Victor - 'My question was if you supplant the creator with an evolutionary process, then couldnt we say "It's a dog eat dog world, and we're top dogs," and on that basis deny someone those rights.'

What happens if the creator creates through an evolutionary process?

Edwardtbabinski said...

Both the Brits and Americans claimed "God" was on their side. You probably had to back then when speaking about politics at all. As for "equality," St. Paul preached "equality" in Christ, but then proceeded to add that men were the "head" of the family, and "slaves" had to remain obedient to their masters, and everyone should "obey the powers that be, put there by God." That's "equality" for you, straight from the Bible. Even Jesus got into the act adding [in a parable] that "The slave who did not his master's will was beaten with many stripes."

Unknown said...

Edward T. Babinski said...
"As for "equality," St. Paul preached "equality" in Christ, but then proceeded to add that men were the "head" of the family, and "slaves" had to remain obedient to their masters, and everyone should 'obey the powers that be, put there by God.' That's "equality" for you, straight from the Bible. Even Jesus got into the act adding [in a parable] that 'The slave who did not his master's will was beaten with many stripes.'"

That is a blatant and irresponsible mis-reading of scripture. To take time to refute those claims individually would be a complete waste of time.

Edwardtbabinski said...

You not only redated the post, but added the old comments I had made there as well.

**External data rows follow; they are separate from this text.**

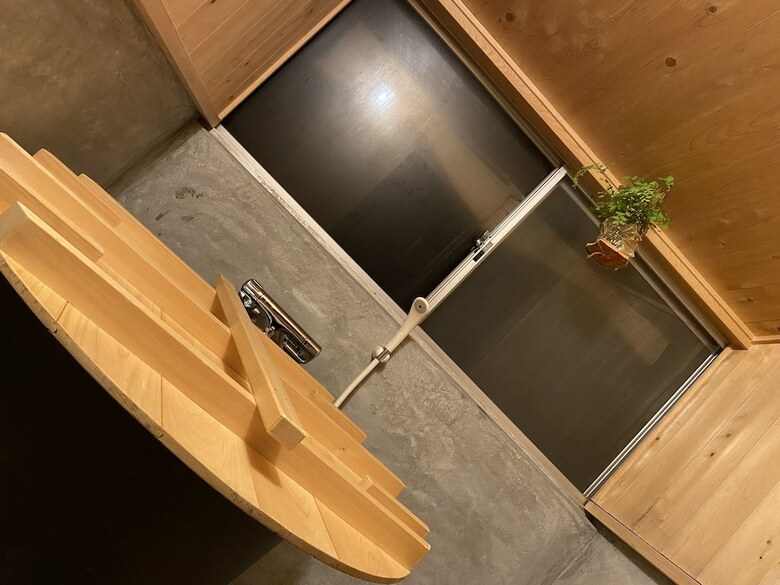 Hotel Tabinoya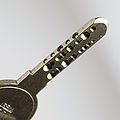 West 917 key + dimple cuts - FXE47909.jpg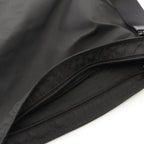 Prada · Saffiano Nylon · Crossbody
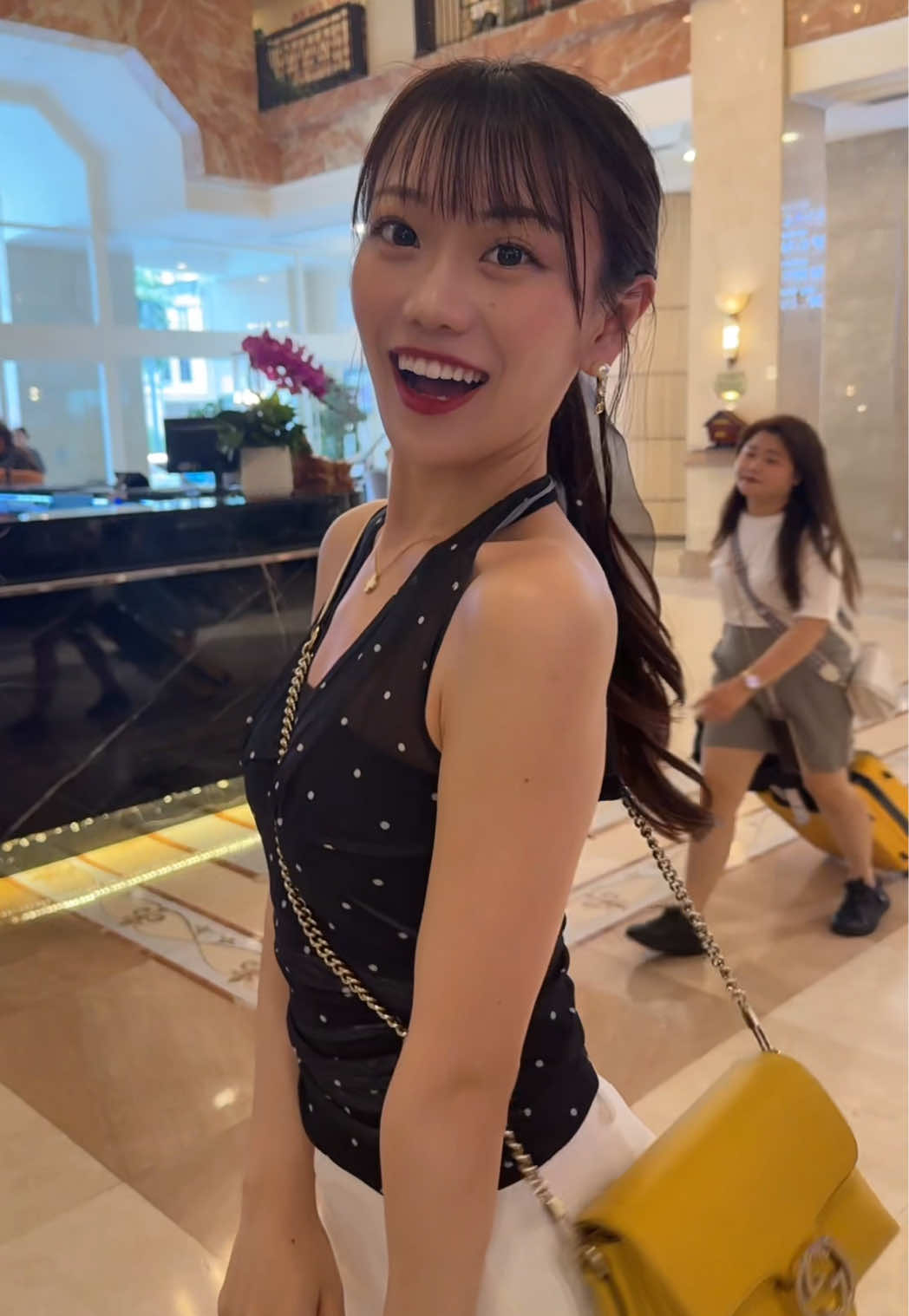 @まい🧀🌹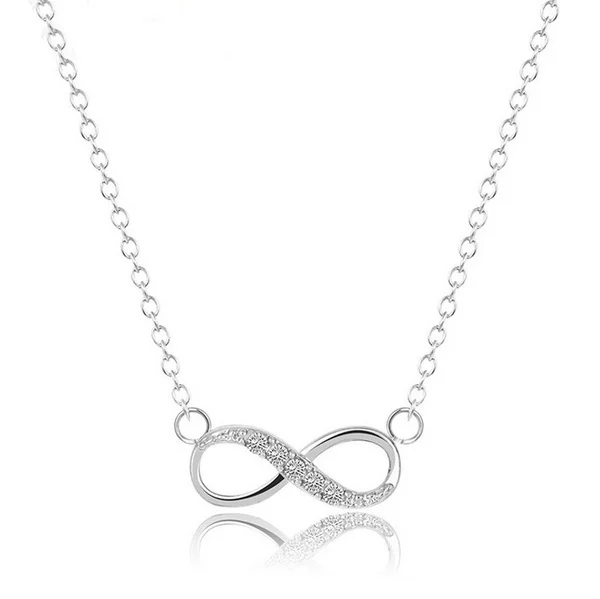 

Delysia King necklace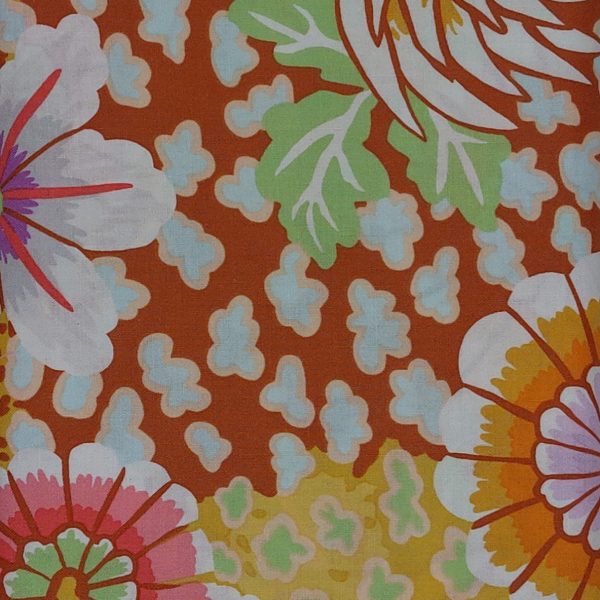 Fabric - 357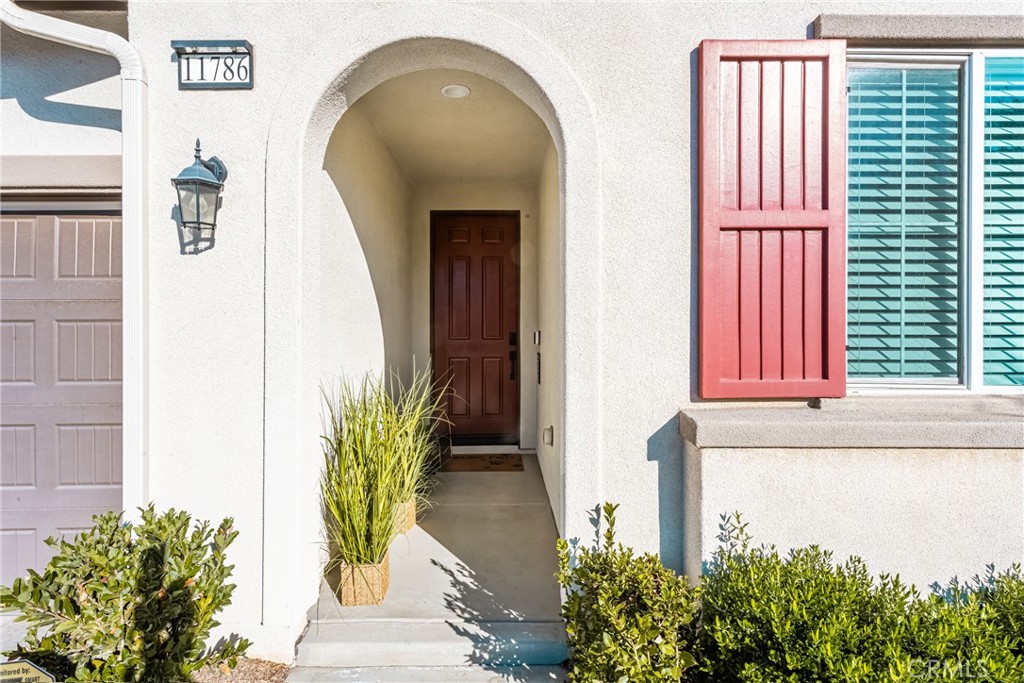 Skyview - Residential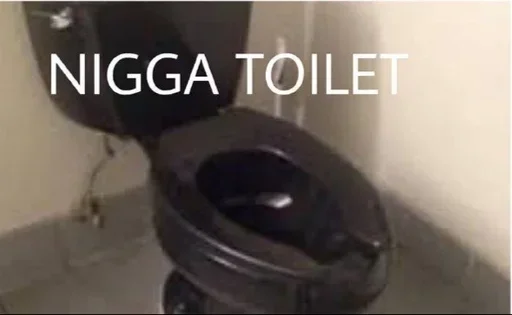 text toilet toilet seat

But since you're reinvestigating the matter may I add that I find the matter of getting to the bottom of "self-evident truths" as involving an endless debate? Just because you cease asking questions as some point and declare that this or that is "self-evident truth" does not make it so, does not end all questions.

Is it "self-evident" that all men are created equal? "Created?" What does one mean by that today? And "equal?" "Equal" how? In exactly what manner of ways are "all men equal?" And by what unquestionable means could one measure this assumed equality (whatever that means) of all persons?

And why the patriarchal non-inclusive language, "all men?" Is that the best anyone can ever do, communication wise?

I suggest that "equality" as spoken of in the Declaration of Independence must be considered in contrast to the "inequality" of having the land of the colonists being taxed (and parceled out to relatives and friends) by a far off "king" who was believed to have been granted by God a state that was "more equal" than that of other men in Britain or the U.S. The "divine right of kings" was being disputed, and the right of people to rule themselves and form their own governments.

This is in contrast to the apostle Paul's letters by the way about the divine necessity of "obeying the powers that be, for they are put there by God."

Anonymous said...

While I certainly admire TJ and the Declaration and acknowledge the change they brought about, I'd have to agree with the theme of the last post by ETB.

The evolution rephrasing sounds so howling off because, like the original, it describes rights descriptively. An atheist rewrite would need to make clear that the source of rights is culture, not nature, divinity, or even reason. That is, rights are proposed, argued over, and agreed upon, but not discovered.

exapologist said...

Plato and Aristotle provided the metaphysical basis for equality among humans -- in terms of accounts of universals -- long before Christianity. Thus, just as two things can be *equally* red, since they both have the same exact universal (viz., redness) within them, so two things can be *equally* human, since they same exact universal (viz., humanness) within them.

Plato and Aristotle were both theists (of sorts), of course, but as I've argued before, I think that the necessary existence of universals is a decent argument against any form of theism that requires a doctrine of absolute creation (i.e., creation of *everything*, including universals).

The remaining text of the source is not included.